Missouri Senate President focused on aging Rocheport I-70 bridge

(Missourinet) Missouri’s governor has signed a $29.7 billion state operating budget, which takes effect on Monday. It includes $301 million in bridge bonding funding, contingent upon the awarding of a federal Infrastructure for Rebuilding America (INFRA) grant.

A crew member inspects the aging I-70 Rocheport bridge in mid-Missouri (2018 file photo courtesy of MoDOT’s Sally Oxenhandler)

The bridge bonding measure is a top priority for Senate President Pro Tem Dave Schatz, R-Sullivan, who sponsored the legislation. He tells Missourinet that U.S. Sen. Roy Blunt (R) is now working to obtain federal grant funding for a new I-70 bridge in mid-Missouri’s Rocheport.

“The effects it’s going to have on commerce and traffic and people and the ancillary roads that are going to be affected by the traffic that goes to them, it’s extremely important,” Schatz says.

State Department of Transportation (MoDOT) Director Patrick McKenna has warned that rehabilitation of the bridge will cause three to eight-hour backups, including 25-mile backups to Kingdom City “on a bad day.”

“Now it’s up to Senator Blunt to go to work for us, go to bat for Missouri and try to bring home some of that grant funding that will help us get that Rocheport bridge done,” says Schatz.

MoDOT says it would cost about $200 million to replace the bridge, which was built in 1960. The bridge is more than 3,000 feet long.

Columbia Chamber of Commerce President Matt McCormick has described I-70 as a focal point of business, as well as moving goods and services across the nation.

Meantime, Pro Tem Schatz is disappointed lawmakers didn’t approve prescription drug monitoring program (PDMP) legislation this year. He’s already looking ahead to 2020.

Missouri Senate President Pro Tem Dave Schatz (R-Sullivan) visits the House chamber on May 17, 2019 (file photo courtesy of Tim Bommel at House Communications)

“But I will tell you that we will come back next year and I have three more years in this chamber (Missouri Senate). And I will work every year until we get that thing accomplished,” Schatz says.

Missouri is the only state in the nation without a PDMP, which is an electronic database that collects data on controlled substance prescriptions within a state.

The House approved PDMP legislation from State Rep. Holly Rehder, R-Scott City, by a 103-53 vote in February but the bill died in the Senate, primarily because of opposition from the Senate Conservative Caucus.
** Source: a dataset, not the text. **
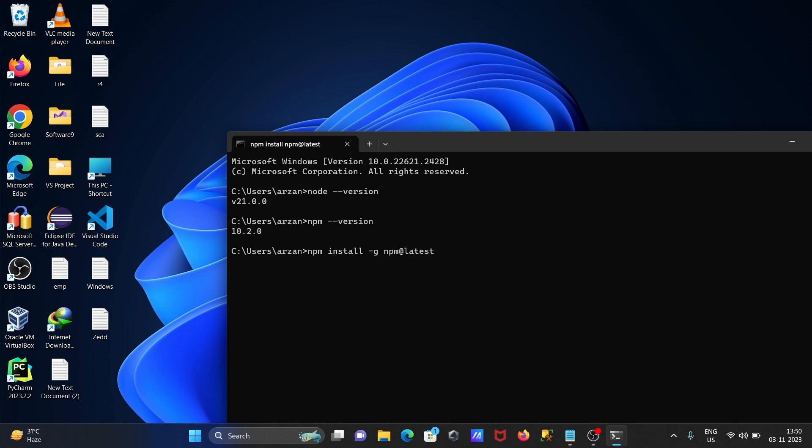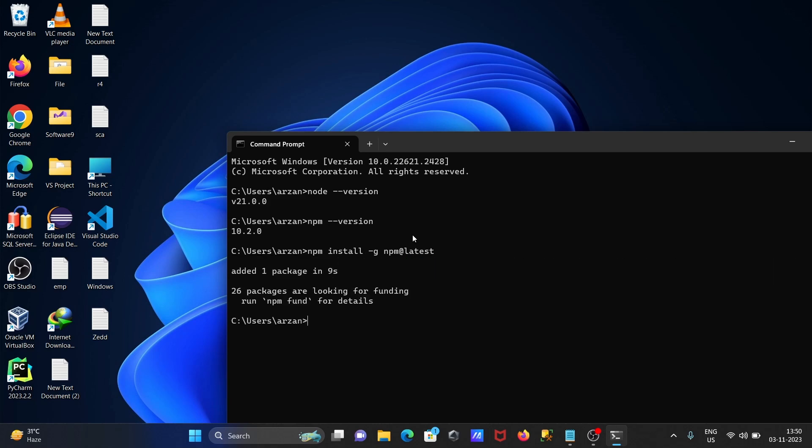For this, internet must be connected because it's doing some download as well as install. Now here you can see it added one package in 9 seconds. After that, let's check the npm version.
Senator Blunt has also called on lawmakers to pass PDMP, saying drug overdose is the leading cause of accidental death in Missouri and the nation.

Blunt addressed the Missouri House in Jefferson City in April, noting that firefighters in the St. Louis suburb of Maryland Heights tell him they’re ten times as likely to respond to a drug overdose as a fire.

Overall, Schatz says the 2019 session was successful, also citing passage of anti-abortion legislation and a bill aimed at attracting a $1 billion expansion at the sprawling General Motors (GM) plant in eastern Missouri’s Wentzville.